The mydriatic response to eyedrops of the anticholinergic agent tropicamide at very low concentration (0.01%) has been studied in patients with Down's syndrome, with a report that, in comparison with normal subjects, Down's syndrome patients had responses three times greater than normal patients. Sacks, et al., J. Neurology, Neurosurgery, and Psychiatry, 1989:52, 1294-1295. Sacks, et al. state that since patients with Alzheimer's disease appear to show behavioral and cognitive sensitivity to hyoscine, the eyedrop test could be used to distinguish people with Alzheimer's disease from patients with other forms of dementia, allowing for a definitive diagnosis in a living patient. U.S. Pat. No. 5,297,562 states that Alzheimer's disease can be diagnosed before symptoms of dementia occur by determining whether a patient is mosaic for trisomy 21, including by measuring certain characteristics known to be associated with Down's syndrome.
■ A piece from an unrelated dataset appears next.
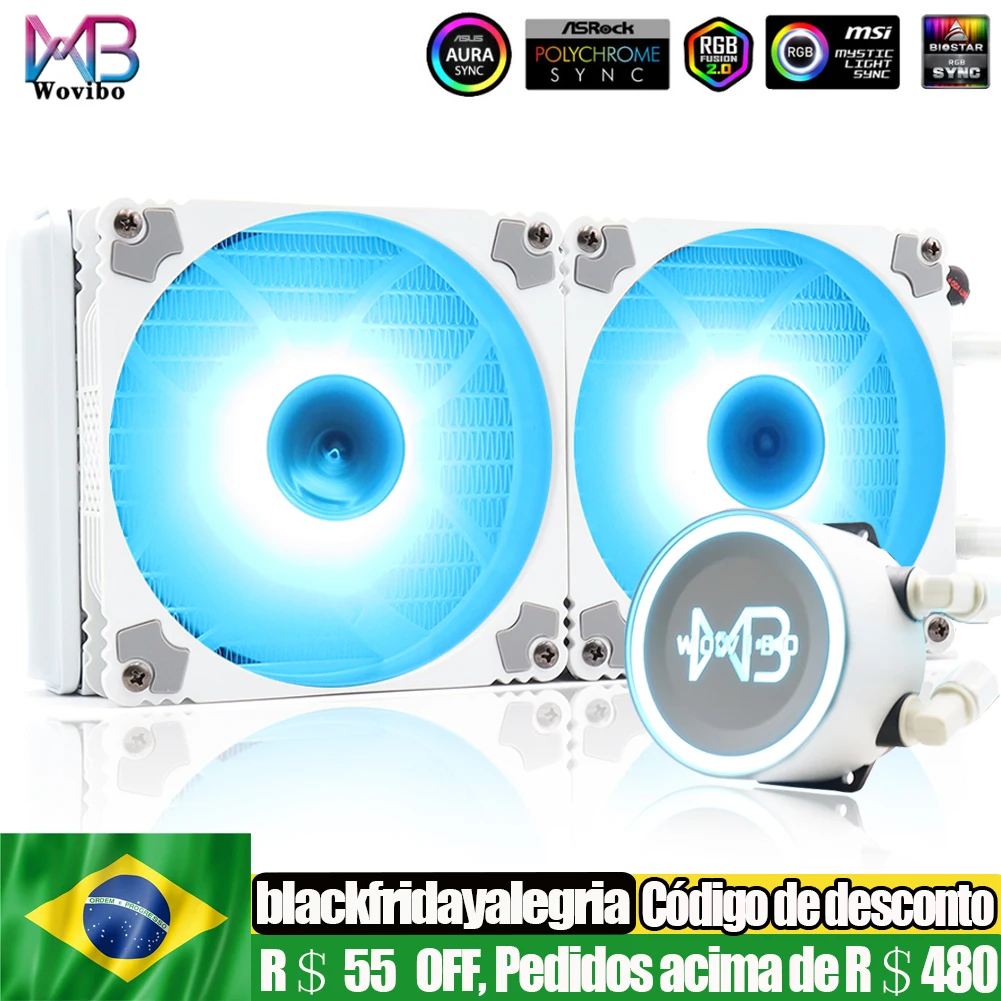 Resfriador de água para computador, argb rgb pwm 4pin 240mm, ventilação líquida para intel lga 775 115x1366 2011 am3 am4 radiador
Among the characteristics listed by Potter are pupil dilation, with citation to Sacks, et al.
U.S. patent application Ser. No. 08/109,746, filed Aug. 20, 1993, apparently relates to the use of a mydriadic response to diagnose Alzheimer's disease in a patient, including methodologies that use an untreated eye as a control for determining the mydriatic response in a treated eye.